アートin湯治(AIT)ドキュメント⑲ 「あらら。パフォーマンス」

「アート・ツアー」、越後さんの解説が終わった後は、パフォーマンス・ユニット「あらら。」によるパフォーマンスが、御殿湯駅構内ではじまります。
右図は、パフォーマンスに先立つ数時間前の画像。東鳴子ゆめ会議メンバーがきれいに駅舎内を掃除し、椅子や縁台を配置。こうしたメンバーの協力関係あっての企画です。

そうして始まった「あらら。」の演奏。
まずはドラムの坪井さんが「あらら。」を代表してあいさつ。
「ジャズって知ってますか? お好きな方? じゃ、即興って、知ってますか? 楽譜や筋書きがなく、その場で組み立てるスタイルです。ボクらがやるのはすべてが即興なんです。ためしに、ちょっとみなさんの知ってる曲で、ボクと増田くんが即興演奏をしてみます」

そこでドラムの坪井さん、キーボードの増田さんが演奏を始めます。湯治場に、かなりおしゃれな空気が漂います。
「どうです? 今のはもとの曲がありますが、今からは本当に何にも決まってない曲をやります」
やがて増田さんの指から美しいテーマが切り出され、そこへ坪井さんのドラムがからみはじめた頃、ホームに上り電車が入ってきました。電車を降りた乗客が、演奏するふたりのうしろに広がる窓に現れては消える中、ふと、その中に挙動不審な女性がひとり。
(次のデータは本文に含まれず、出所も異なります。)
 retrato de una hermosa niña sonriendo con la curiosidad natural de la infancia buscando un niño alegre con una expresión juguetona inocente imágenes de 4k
やがてその白い衣装の女性は、演奏に聞き入るこちらを凝視しはじめます。演奏も段々激しくなっていき、それにあわせて女性の動きも激しさを増します。そしていつしか彼女はふたりの演奏者に合わせてパフォーマンスを行っているではありませんか。
そう、この上り電車でやってきた女性こそ、「あらら。」3人目のメンバーであり、ダンサーの鷲野礼奈さんその人だったのです。

それはは30分にも及び、その間、緊張がとぎれることなく、3人の息の合ったパフォーマンスは繰り広げられました。まったく打ち合わせも何もない、というのが信じられないほどの完璧なものです。
やがて坪井さんから、いちおう終わりです、とのお知らせがありましたが、観客のみなさん、もっと見たい、聞きたいとのことで、「では、今度は平和な感じで」と、坪井さんがお題を出します。
増田さんがそれにこたえるように明るい音色を奏でると、鷲野さんも陽気な雰囲気でからだ全体に号令をかけます。
こうしてあっという間に1時間ほどがたち、観客は大満足のうちに「あらら。」パフォーマンスは終了しました。